The outbreak of the infectious viral disease, which is endemic in humans in some African countries, has been reported over the past couple of months in several European nations and some North American countries.
Britain has notified monkeypox as a notifiable disease.
WHO, however, is not recommending mass vaccination against the virus, stating that no death has been reported so far.
“Cases have been reported mainly, but not only, among men who have sex with men… Some countries are now beginning to report cases of apparent community transmission, including some cases in women,” Tedros said.
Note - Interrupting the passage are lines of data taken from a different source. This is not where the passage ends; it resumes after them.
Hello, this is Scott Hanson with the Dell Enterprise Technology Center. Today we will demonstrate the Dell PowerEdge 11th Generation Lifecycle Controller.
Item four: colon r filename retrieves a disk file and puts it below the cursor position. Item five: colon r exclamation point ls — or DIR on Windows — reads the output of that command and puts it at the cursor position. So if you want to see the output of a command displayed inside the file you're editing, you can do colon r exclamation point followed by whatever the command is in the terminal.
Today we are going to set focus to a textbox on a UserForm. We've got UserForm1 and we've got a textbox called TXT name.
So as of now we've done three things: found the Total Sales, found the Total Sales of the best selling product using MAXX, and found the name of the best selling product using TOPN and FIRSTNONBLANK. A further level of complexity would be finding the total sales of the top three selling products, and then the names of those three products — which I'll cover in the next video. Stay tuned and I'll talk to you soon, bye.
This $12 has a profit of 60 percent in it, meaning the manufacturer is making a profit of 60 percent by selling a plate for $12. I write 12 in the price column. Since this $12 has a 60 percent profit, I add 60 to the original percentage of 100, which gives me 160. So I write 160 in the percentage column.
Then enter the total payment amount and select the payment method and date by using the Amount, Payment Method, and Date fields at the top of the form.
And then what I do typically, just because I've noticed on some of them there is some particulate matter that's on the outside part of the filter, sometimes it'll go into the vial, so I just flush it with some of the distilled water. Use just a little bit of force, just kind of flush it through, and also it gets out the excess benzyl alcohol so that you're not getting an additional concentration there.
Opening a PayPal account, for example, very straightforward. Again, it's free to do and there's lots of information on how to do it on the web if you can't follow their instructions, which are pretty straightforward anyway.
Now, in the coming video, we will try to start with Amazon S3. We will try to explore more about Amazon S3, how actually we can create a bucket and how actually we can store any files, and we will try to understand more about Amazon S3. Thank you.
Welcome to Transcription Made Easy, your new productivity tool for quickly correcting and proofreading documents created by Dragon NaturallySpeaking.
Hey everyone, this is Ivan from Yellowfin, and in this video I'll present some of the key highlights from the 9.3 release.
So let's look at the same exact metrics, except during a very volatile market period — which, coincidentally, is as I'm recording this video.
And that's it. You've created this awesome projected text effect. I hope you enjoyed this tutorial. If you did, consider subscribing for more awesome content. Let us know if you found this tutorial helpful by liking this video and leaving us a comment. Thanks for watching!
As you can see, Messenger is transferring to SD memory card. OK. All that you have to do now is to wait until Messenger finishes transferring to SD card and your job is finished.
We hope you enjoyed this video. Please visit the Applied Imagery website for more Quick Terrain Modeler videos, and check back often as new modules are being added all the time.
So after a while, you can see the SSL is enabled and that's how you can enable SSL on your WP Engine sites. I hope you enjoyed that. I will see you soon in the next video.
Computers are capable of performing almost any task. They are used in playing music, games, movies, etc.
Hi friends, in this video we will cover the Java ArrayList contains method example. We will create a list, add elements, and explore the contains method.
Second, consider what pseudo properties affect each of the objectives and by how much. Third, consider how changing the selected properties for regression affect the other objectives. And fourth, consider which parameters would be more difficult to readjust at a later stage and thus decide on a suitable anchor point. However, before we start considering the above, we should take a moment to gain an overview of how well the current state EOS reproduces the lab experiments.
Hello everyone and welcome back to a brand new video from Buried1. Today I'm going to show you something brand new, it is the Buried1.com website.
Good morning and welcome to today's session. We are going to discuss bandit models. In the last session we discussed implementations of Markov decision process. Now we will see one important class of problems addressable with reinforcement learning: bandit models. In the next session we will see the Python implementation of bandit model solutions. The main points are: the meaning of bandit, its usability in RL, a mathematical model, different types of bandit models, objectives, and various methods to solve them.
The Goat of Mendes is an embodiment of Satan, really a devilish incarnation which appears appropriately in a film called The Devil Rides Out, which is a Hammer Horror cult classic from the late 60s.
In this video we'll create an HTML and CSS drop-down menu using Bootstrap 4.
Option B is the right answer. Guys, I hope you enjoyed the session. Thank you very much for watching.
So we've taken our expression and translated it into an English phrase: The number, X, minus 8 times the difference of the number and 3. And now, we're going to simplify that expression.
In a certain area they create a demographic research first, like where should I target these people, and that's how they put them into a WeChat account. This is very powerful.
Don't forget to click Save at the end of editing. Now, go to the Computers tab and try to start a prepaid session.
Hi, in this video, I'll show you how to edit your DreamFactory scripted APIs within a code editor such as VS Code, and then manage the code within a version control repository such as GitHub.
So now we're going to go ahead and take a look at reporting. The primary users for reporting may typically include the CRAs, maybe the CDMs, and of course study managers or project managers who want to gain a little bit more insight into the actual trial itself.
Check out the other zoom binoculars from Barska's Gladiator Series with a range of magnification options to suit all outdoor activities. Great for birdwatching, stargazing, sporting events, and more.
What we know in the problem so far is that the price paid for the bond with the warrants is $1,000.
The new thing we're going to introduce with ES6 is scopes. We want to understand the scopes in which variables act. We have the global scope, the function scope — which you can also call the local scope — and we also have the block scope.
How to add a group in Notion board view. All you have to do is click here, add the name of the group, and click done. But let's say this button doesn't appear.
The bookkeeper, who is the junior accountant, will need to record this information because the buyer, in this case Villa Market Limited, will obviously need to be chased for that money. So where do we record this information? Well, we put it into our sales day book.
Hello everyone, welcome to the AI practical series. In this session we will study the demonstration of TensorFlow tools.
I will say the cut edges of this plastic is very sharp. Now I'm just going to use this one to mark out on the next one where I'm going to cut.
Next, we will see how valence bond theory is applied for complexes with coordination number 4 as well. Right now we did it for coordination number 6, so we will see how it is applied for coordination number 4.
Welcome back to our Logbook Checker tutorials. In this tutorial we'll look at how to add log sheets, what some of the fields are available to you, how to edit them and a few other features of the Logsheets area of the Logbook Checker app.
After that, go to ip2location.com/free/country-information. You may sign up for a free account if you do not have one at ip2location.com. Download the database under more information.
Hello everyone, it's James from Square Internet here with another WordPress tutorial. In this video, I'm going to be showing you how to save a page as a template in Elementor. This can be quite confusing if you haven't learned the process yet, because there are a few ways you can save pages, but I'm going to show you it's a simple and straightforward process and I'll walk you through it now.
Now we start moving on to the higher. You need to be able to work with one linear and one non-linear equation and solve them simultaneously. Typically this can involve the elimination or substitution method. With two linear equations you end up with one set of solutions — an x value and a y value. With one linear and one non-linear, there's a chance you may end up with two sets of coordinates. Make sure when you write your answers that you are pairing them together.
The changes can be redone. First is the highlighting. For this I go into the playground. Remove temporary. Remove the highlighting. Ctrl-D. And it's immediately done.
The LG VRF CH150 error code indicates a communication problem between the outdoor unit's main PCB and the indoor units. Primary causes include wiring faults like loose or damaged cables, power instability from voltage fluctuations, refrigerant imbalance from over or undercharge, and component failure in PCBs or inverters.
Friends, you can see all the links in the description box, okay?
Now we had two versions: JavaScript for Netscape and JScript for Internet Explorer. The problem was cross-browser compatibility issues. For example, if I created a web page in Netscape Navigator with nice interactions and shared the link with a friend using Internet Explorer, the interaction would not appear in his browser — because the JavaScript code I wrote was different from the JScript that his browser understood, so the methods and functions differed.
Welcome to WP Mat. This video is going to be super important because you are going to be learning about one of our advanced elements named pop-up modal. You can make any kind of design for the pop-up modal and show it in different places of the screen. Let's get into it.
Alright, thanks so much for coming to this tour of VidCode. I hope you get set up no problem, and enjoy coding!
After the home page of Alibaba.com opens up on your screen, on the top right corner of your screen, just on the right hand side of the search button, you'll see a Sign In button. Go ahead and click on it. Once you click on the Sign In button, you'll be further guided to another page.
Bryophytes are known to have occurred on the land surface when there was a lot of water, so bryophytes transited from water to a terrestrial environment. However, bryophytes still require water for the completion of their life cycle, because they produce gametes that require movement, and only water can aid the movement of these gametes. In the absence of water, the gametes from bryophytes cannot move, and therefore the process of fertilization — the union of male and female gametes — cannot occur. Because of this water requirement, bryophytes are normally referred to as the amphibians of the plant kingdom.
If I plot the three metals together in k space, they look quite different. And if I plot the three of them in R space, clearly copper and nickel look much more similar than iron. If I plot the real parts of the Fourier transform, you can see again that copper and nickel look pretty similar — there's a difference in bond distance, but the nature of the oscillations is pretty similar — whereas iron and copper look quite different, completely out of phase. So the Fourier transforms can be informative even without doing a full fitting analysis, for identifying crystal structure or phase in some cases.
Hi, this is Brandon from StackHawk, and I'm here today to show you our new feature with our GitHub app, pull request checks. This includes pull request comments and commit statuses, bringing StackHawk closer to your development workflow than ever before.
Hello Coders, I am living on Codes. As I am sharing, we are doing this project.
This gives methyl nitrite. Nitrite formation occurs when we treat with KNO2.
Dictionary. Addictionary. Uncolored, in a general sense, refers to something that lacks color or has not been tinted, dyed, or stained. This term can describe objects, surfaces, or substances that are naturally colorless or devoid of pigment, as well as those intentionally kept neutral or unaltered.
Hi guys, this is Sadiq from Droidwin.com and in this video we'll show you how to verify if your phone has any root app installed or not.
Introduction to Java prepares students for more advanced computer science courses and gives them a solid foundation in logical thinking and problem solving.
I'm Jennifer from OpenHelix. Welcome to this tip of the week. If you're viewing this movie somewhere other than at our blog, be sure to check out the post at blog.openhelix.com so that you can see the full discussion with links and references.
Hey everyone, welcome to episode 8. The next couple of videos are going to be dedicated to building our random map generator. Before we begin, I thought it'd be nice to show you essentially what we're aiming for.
The sudden and unexpected appearance of monkeypox outside endemic countries suggested there may have been undetected transmission for some time, though it was not known for how long, Tedros said.
This is “clearly concerning”, but the virus had been circulating in Africa for decades, with more than 1,400 suspected cases and 66 deaths so far this year, WHO chief pointed out.
“The communities that live with the threat of this virus every day deserve the same concern, the same care and the same access to tools to protect themselves,” he said.
The initial symptoms include a high fever, swollen lymph nodes and a blistery chickenpox-like rash.
WHO is particularly concerned about the risk monkeypox poses to pregnant women and children.
Common monkeypox symptoms include high fever, swollen lymph nodes and chickenpox-like rashes.